Il rilancio del settore ortofrutticolo in Italia è un tema di grande attualità in questo momento così cruciale anche per la discussione in corso sulle nuove politiche comunitarie. Il settore ortofrutta vale il 31 % della PLV agricola italiana e rappresenta un’asse portante dell’economia agricola europea. Le grandi sfide di questo momento e la profonda crisi che il settore sta vivendo in termini di prezzi alla produzione, redditività per le aziende agricole e diffuso calo dei consumi, spinge verso la necessità di un grande rilancio, incentrato su alcuni elementi chiave che sono stati discussi oggi in Piazza Italia, a Berlino. A presiedere la tavola rotonda che ha visto la partecipazione di tutte le rappresentanze dell’ortofrutta organizzata, il Cavalier Paolo Bruni, in qualità di Presidente di CSO, il Centro Servizi Ortofrutticoli che ha organizzato ed ospitato l’incontro all’interno dello stand Piazza Italia “L’Italia – dichiara Paolo Bruni, presentando la tavola rotonda – produce un totale di 36 milioni di tonnellate di frutta e verdura e questo dato ci colloca al primo posto in Europa, è evidente che uno dei punti chiave su cui focalizzare i nostri sforzi per rilanciare la competitività del settore è legato alla nostra capacità di dare nuovo impulso all’ export.

Oggi l’Italia, secondo dati elaborati da CSO, esporta un totale di 3 milioni e 800.000 tonnellate di ortofrutta pari al 13 % della produzione; analiticamente si parla di 2,5 milioni di tonnellate di frutta pari al 14% della produzione, 300.000 tonnellate di agrumi e 1 milione di tonnellate di ortaggi pari ad appena l’11% della produzione ed è evidente da questi numeri che le potenzialità di crescita sono molto ampie. A rimarcare la necessità di mettere a punto strumenti strategici per l’export è Davide Vernocchi di Alleanza per le Cooperative italiane: “Dobbiamo agire tempestivamente e in modo coordinato – dichiara Vernocchi – per poter creare le condizioni di apertura di nuovi mercati attraverso l’abbattimento di quelle barriere, ad esempio per le mele e le pere in USA che oggi sono utilizzate spesso come strumento distorsivo per il libero scambio delle merci. E’ importantissimo – sottolinea Davide Vernocchi – che l’Unione Europea presti una maggiore attenzione ai produttori di ortofrutta che versano in questo momento in una crisi spaventosa.”

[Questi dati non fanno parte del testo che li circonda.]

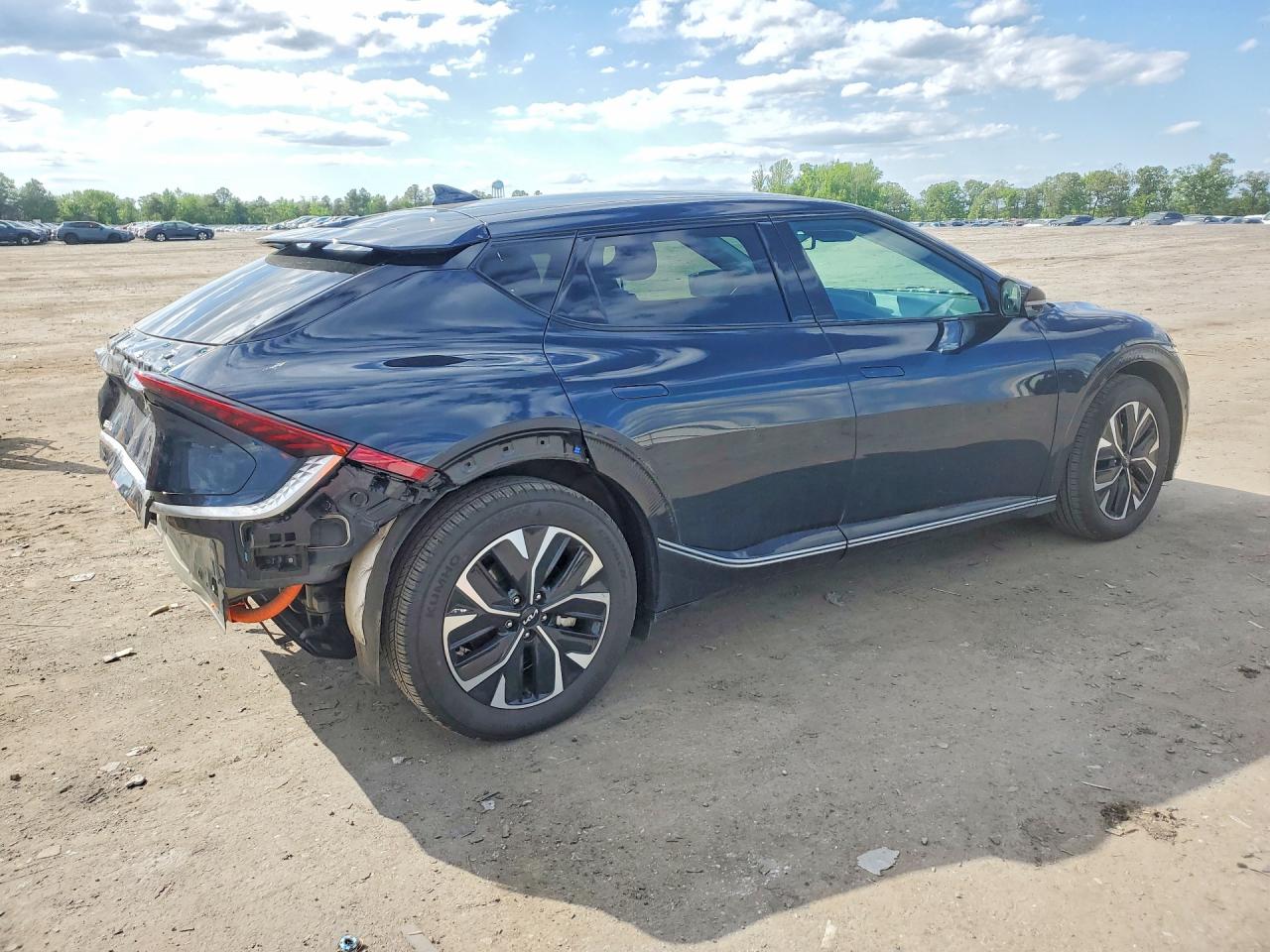 2024 KIA EV6 Light, Wind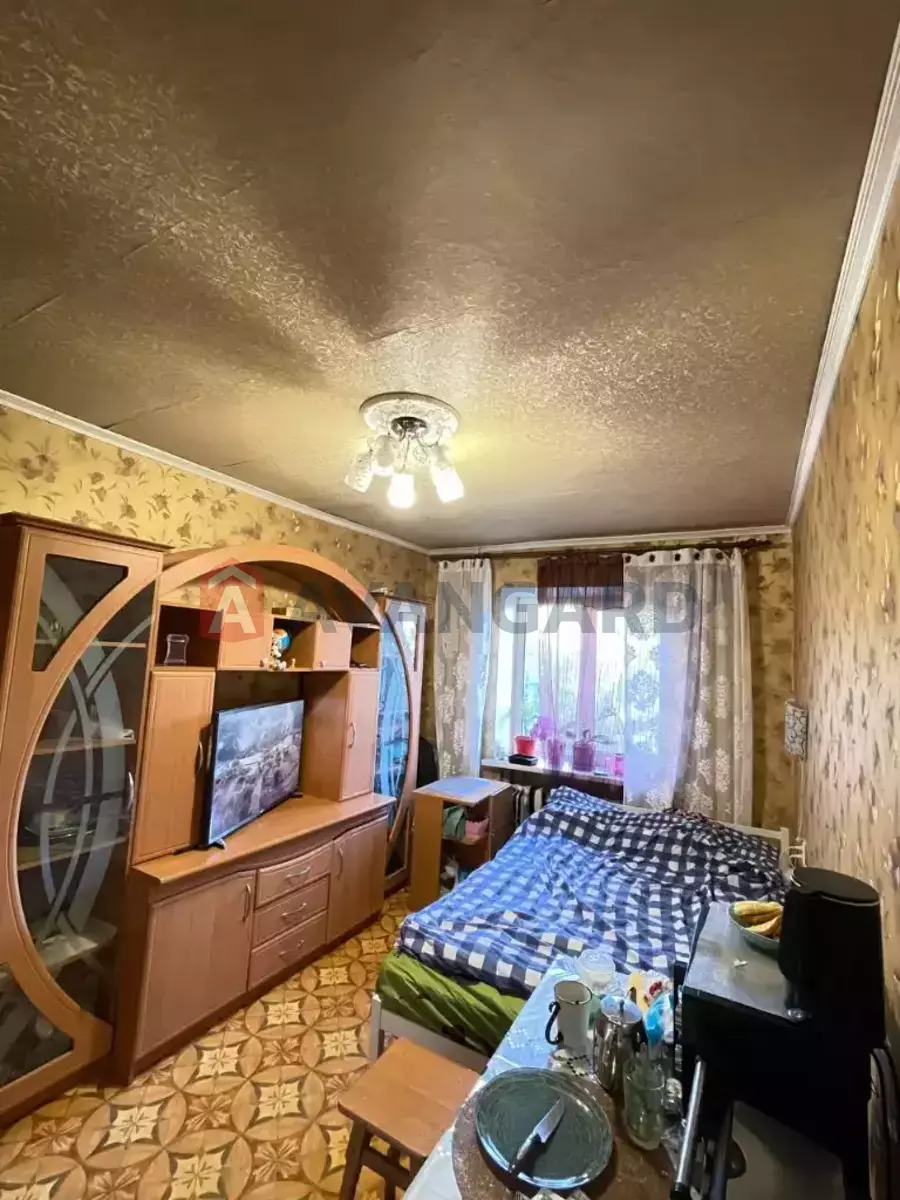 3 ��. ��������, 70/-/- ��. �., 4/16 ������ ���� 12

E Gino Peviani, presidente di Fruitimprese, concorda con la tesi di Alleanza cooperativa evidenziando la necessità di mettere a punto un sistema di tutela finanziario/assicurativa per le imprese che si affacciano ai nuovi mercati. “E’ necessario – sottolinea Peviani – che il sistema Italia si rafforzi per affrontare mercati sempre più complessi con strumenti efficaci, coordinamento, elasticità e dotazioni tecniche per migliorare la competitività”. Ma lo sviluppo dell’export non può che essere accompagnato da un rafforzamento delle Organizzazioni dei produttori in Italia, come rimarca il presidente di Unaproa Ambrogio De Ponti”. Occorre – dichiara De Ponti – che il nostro sistema sia coeso e strategicamente finalizzato ad ottenere risultati importanti anche utilizzando lo strumento della promozione attraverso progetti europei, un valido aiuto per le imprese sia in Italia che all’estero”. La tavola rotonda di Fruitlogistica ha offerto una ottima opportunità alle Organizzazioni ortofrutticole italiane di condividere strategie, come ha rimarcato Gianni Petrocchi di Italia Ortofrutta. “Siamo di fronte – dichiara Petrocchi – ad un momento di accesa discussione in Europa sulla riforma della PAC e sull’OCM unica. Vogliamo mettere in campo tutta la nostra competenza ed esperienza per discutere e mettere a punto strumenti di gestione delle crisi efficaci che possano essere un valido supporto alle aziende quando i prezzi alla produzione non coprono nemmeno i costi sostenuti.” “La coesione e l’univocità sono elementi che danno forza e rilevanza alle istanze rivolte al governo dichiara Dario Stefano, Coordinatore degli Assessori Regionali all’ Agricoltura, mi farò portavoce diretto di queste istanze in sede di Conferenza Stato Regioni evidenziando la grande novità del sistema ortofrutticolo italiano: La scelta del dialogo per individuare priorità e strategie comuni. Un approccio nuovo – continua Stefano – che viene da un comparto che è tratto identitario dell’agroalimentare italiano e del Made in Italy in generale (vale 12 miliardi di euro) e che ci può consentire di lavorare meglio per modificare una politica europea troppo lontana dai temi dello sviluppo.”